Pulls in the `schema` feature: `pack-io = { version = "0.5", features = ["schema"] }`.
### Tier 3 — zero-copy `View<T>`
`#[derive(DeserializeView)]` plus the [`decode_view`] free function give you a parallel "borrowed" decode path. `&'a str` and `&'a [u8]` fields point directly into the input buffer — no per-field allocation, the borrow checker enforces the lifetime.
```rust
use pack_io::{Serialize, DeserializeView, decode_view, encode};
#[derive(Serialize)]
struct OwnedMsg { id: u64, text: String, payload: Vec<u8> }
#[derive(DeserializeView)]
struct ViewMsg<'a> { id: u64, text: &'a str, payload: &'a [u8] }
let bytes = encode(&OwnedMsg {
id: 7,
text: "borrowed".into(),
payload: vec![1, 2, 3],
}).unwrap();
let view: ViewMsg<'_> = decode_view(&bytes).unwrap();
assert_eq!(view.text, "borrowed"); // points into `bytes`
```
On a representative borrow-heavy record (`u64 + String + Vec<u8> + Vec<String> + Vec<u8>`), local Criterion microbenchmarks show:
| Path | Time | vs owning |
|---|---:|---:|
| `decode::<OwnedRecord>` | 270 ns | 1.0× |
| `decode_view::<ViewRecord<'_>>` | **38 ns** | **~7.2× faster** |
For a 64-byte `String`:
| Path | Time | vs owning |
|---|---:|---:|
| owning string decode (round-trip) | 77 ns | 1.0× |
| `decode_view::<&str>` (round-trip) | **5.6 ns** | **~14× faster** |
Reproduce with `cargo bench --bench codec_bench --features derive`.

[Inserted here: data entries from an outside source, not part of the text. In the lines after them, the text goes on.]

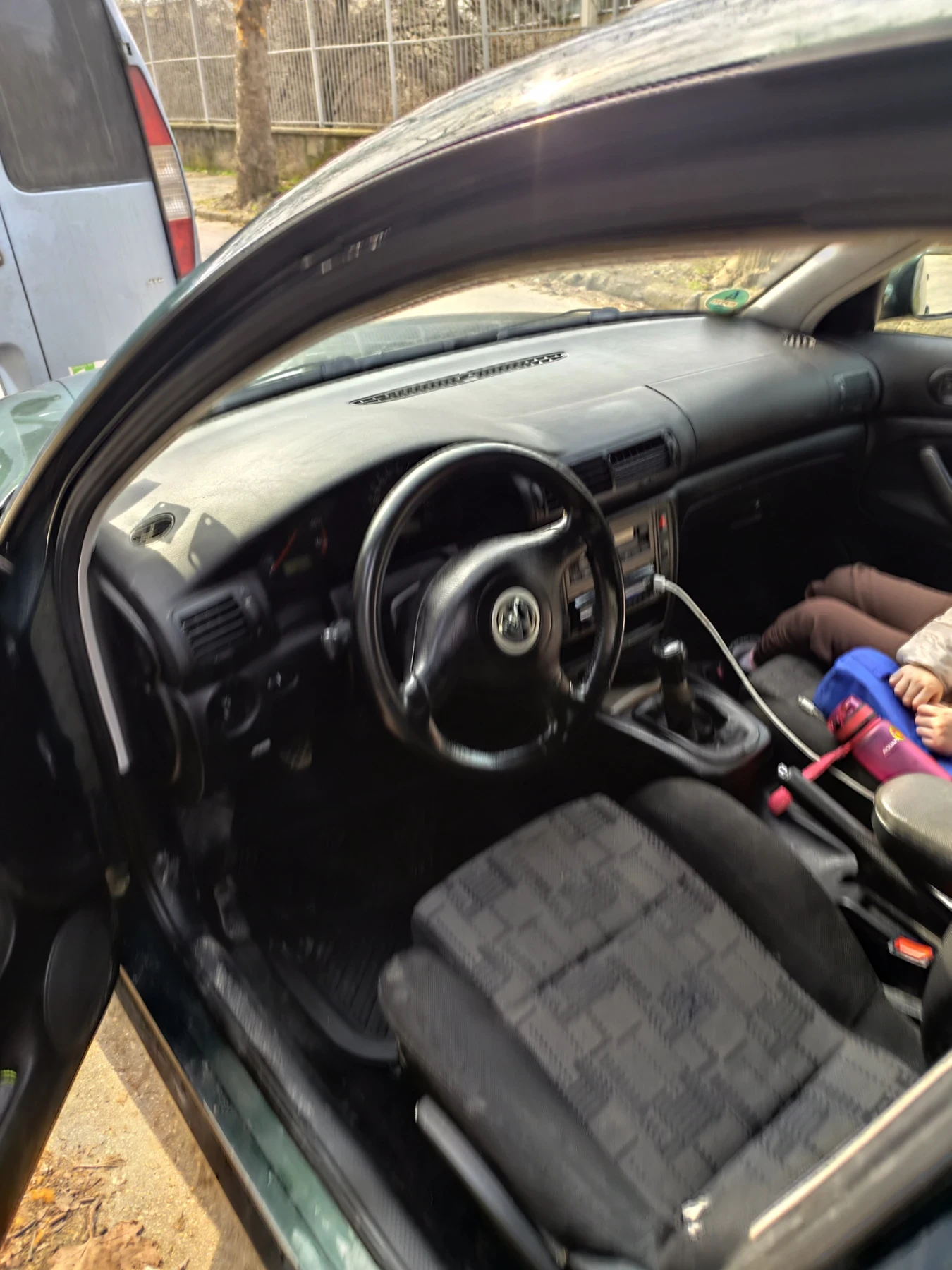 VW Passat, снимка 3 - Автомобили и джипове - 53727680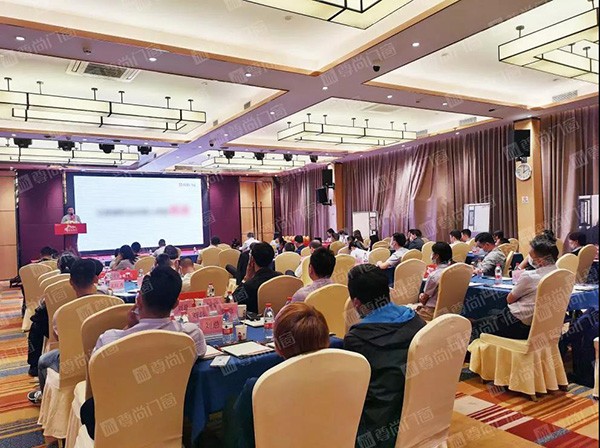 合贏共富·贏在未來｜尊尚門窗2021年招商峰會圓滿收官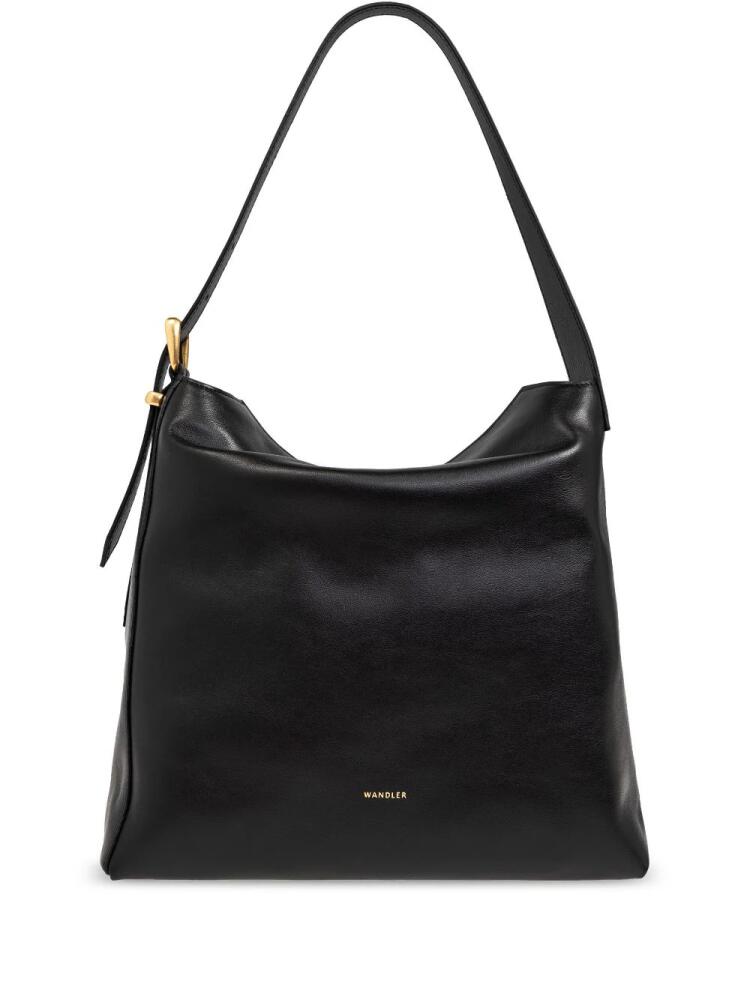 Wandler Marli shoulder bag - Black Cover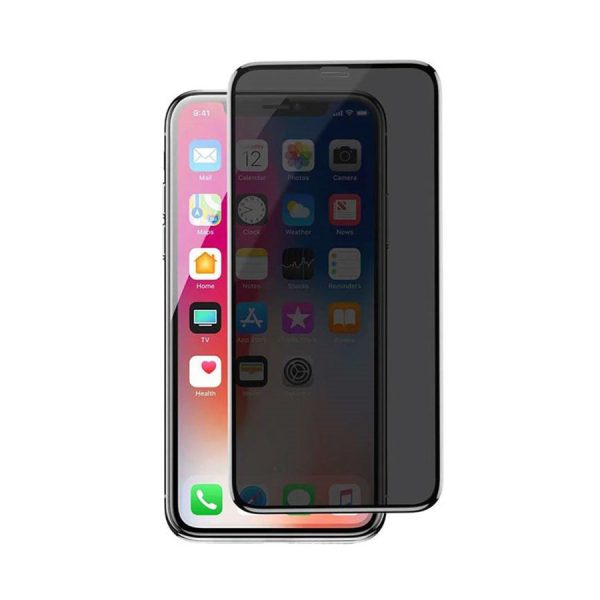 خرید گلس پرایوسی iPhone X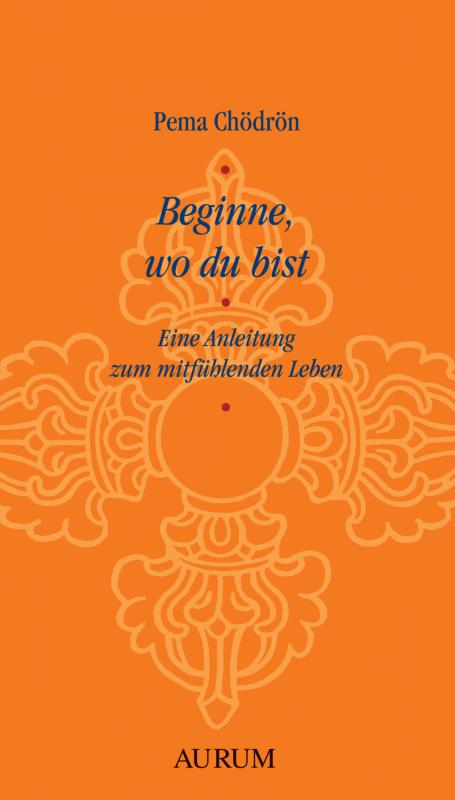 Cover-Bild Beginne, wo du bist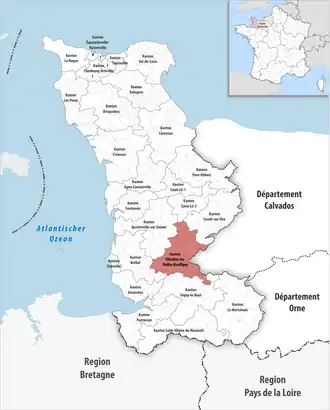 Locatie van het kanton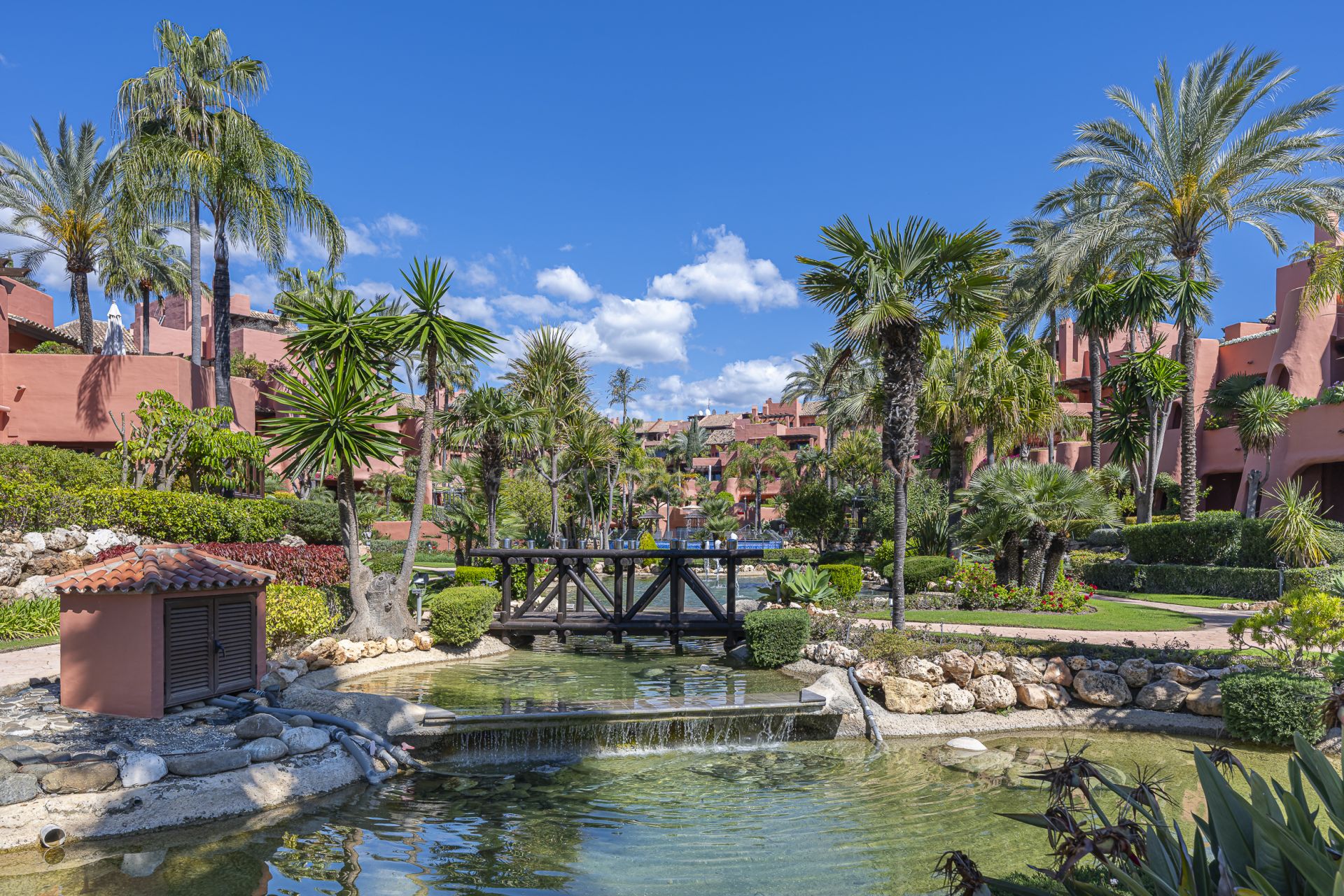 Duplex Penthouse in Torre Bermeja, Estepona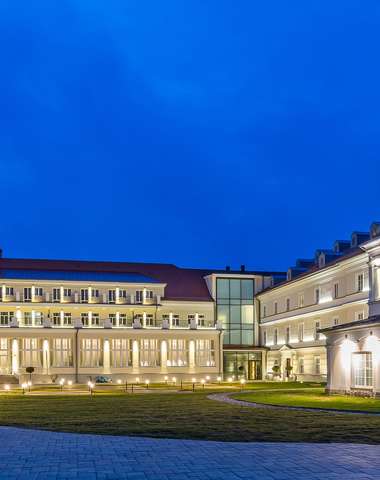 Hotel ROYAL PALACE *****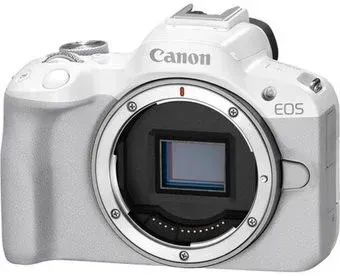 Canon EOS R50 Body (белый)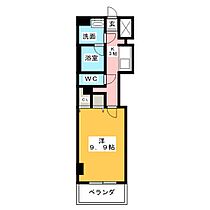 パルティール豊国通  ｜ 愛知県名古屋市中村区豊国通６丁目（賃貸マンション1K・5階・31.26㎡） その2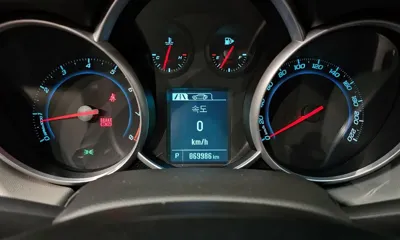 ChevroletGMDaewoo Cruze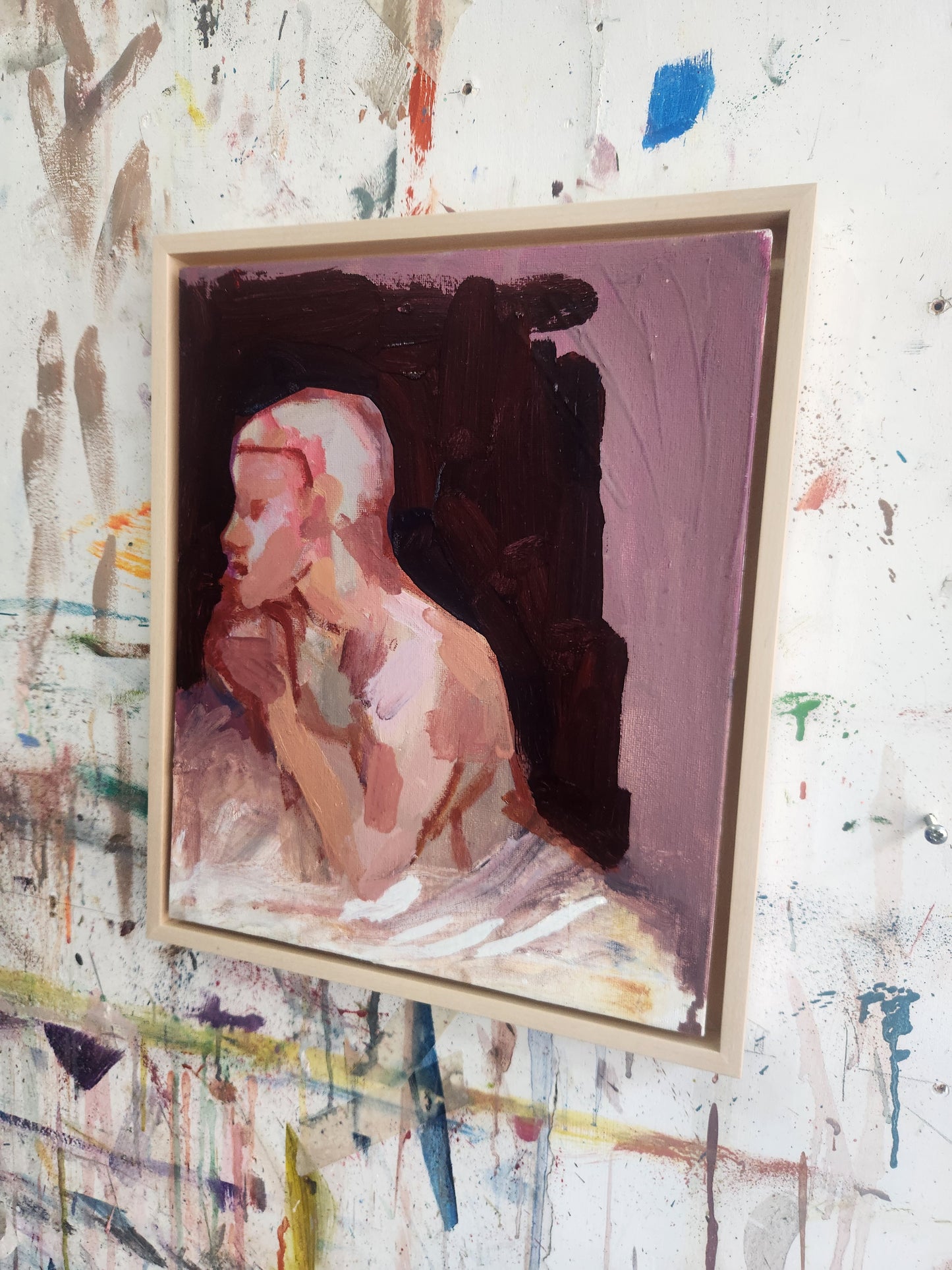 Thinking Of Next Time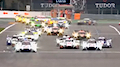 6h Spa 2015 - Start des Rennens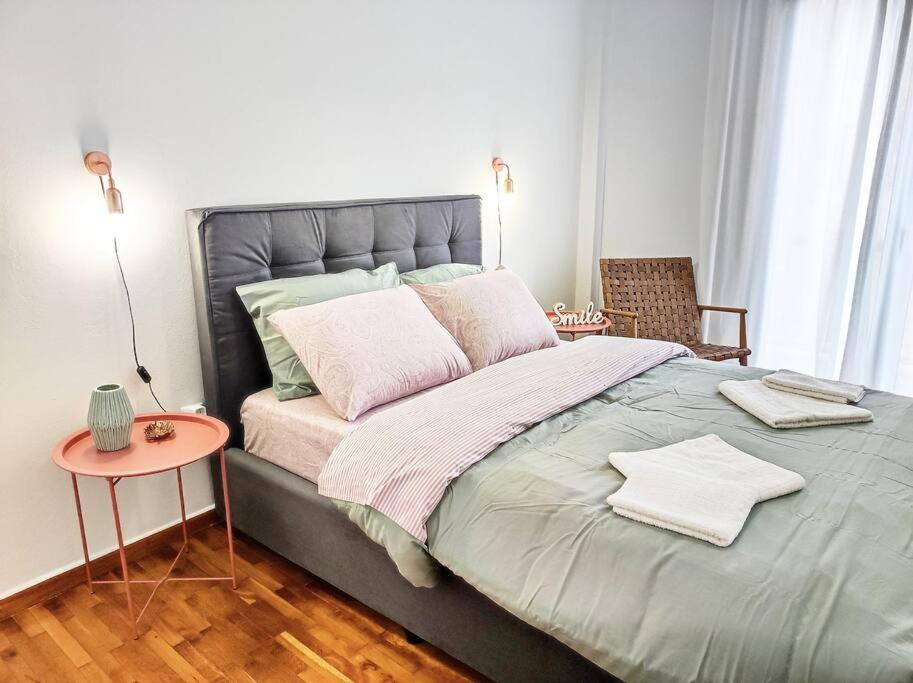 As ✓Two Bedroom Apartment In Thissio Atena Exterior foto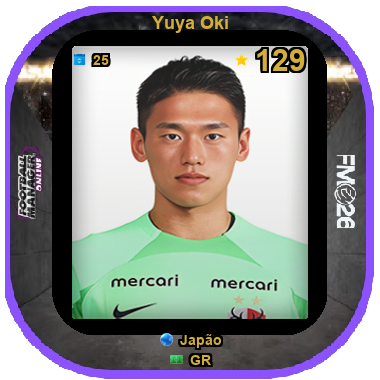 Yuya Oki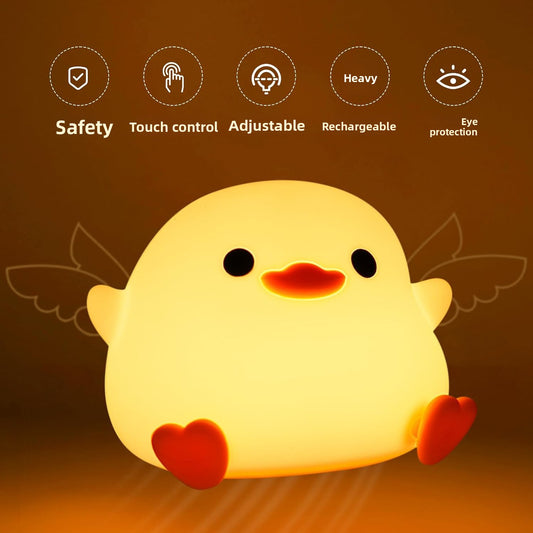 Doudou duck pat light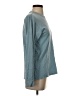 Assorted Brands 100% Cotton Blue Long Sleeve T-Shirt Size S - photo 4
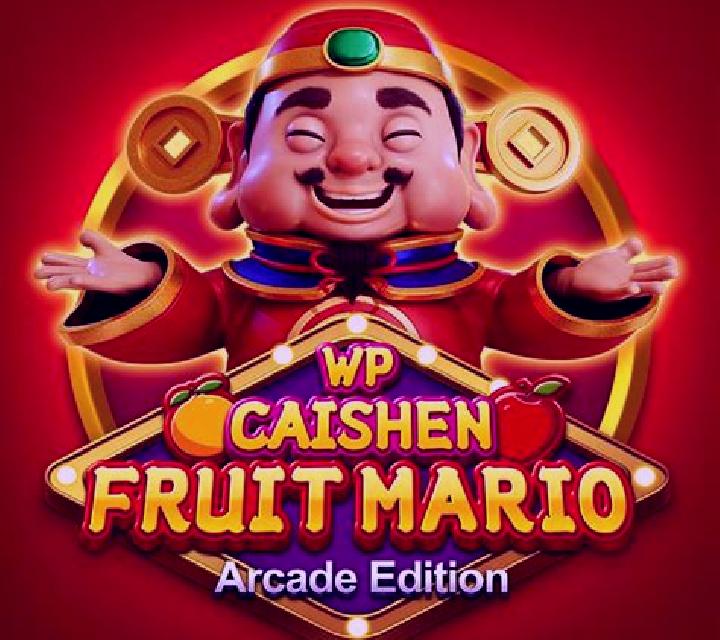 WP CaiShen Fruit Mario (Arcade Edition) slot machine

### If you need to hand-roll: the [`Serialize`] / [`Deserialize`] traits
Both are generic over the `Encode` / `Decode` behaviour traits — one impl works through every encoder flavour the crate ships (in-memory **and** streaming).
```rust
use pack_io::{Decode, Deserialize, Encode, Result, Serialize};
struct Point { x: i32, y: i32 }
impl Serialize for Point {
fn serialize<E: Encode + ?Sized>(&self, enc: &mut E) -> Result<()> {
self.x.serialize(enc)?;
self.y.serialize(enc)
}
}
impl Deserialize for Point {
fn deserialize<D: Decode + ?Sized>(dec: &mut D) -> Result<Self> {
Ok(Point {
x: i32::deserialize(dec)?,
y: i32::deserialize(dec)?,
})
}
}
```
### Types supported in v0.4.0
| Group | Types |
|---|---|
| Unsigned integers | `u8`, `u16`, `u32`, `u64`, `u128`, `usize` |
| Signed integers | `i8`, `i16`, `i32`, `i64`, `i128`, `isize` |
| Floats | `f32`, `f64` |
| Bool / unit | `bool`, `()` |
| Strings | `String`, `&str` (encode + view) |
| Bytes | `Vec<u8>`, `&[u8]` (encode + view) |
| Sequences | `Vec<T>`, `&[T]` (encode), `[T; N]` |
| Tuples | arity 1 through 12 |
| Sums | `Option<T>`, `Result<T, E>` |
| Maps | `BTreeMap<K, V>`, `HashMap<K, V>` *(std)* |
| Sets | `BTreeSet<T>`, `HashSet<T>` *(std)* |
| References | `&T` where `T: Serialize` (encode) |
| User types | any struct / enum with `#[derive(Serialize, Deserialize)]` *(derive feature)* |
| Zero-copy types | any struct with `#[derive(DeserializeView)]` *(derive feature)* |
### Canonical map / set encoding (the determinism contract)
Hash-based collections (`HashMap`, `HashSet`) are encoded with entries sorted lexicographically by their **encoded key bytes**. A `HashMap` and a `BTreeMap` holding the same logical data therefore encode to **identical bytes**, regardless of insertion order or build-flag-dependent hash randomisation. This is the load-bearing property for hashing, signing, and content-addressing pack-io payloads. Full normative spec: [`docs/WIRE_FORMAT.md` §4](./docs/WIRE_FORMAT.md#4-maps-and-sets).
<br>
## Invariants (held from v0.1.0)
- **Round-trip integrity** — `decode(encode(v)) == v` for every supported type, under any input.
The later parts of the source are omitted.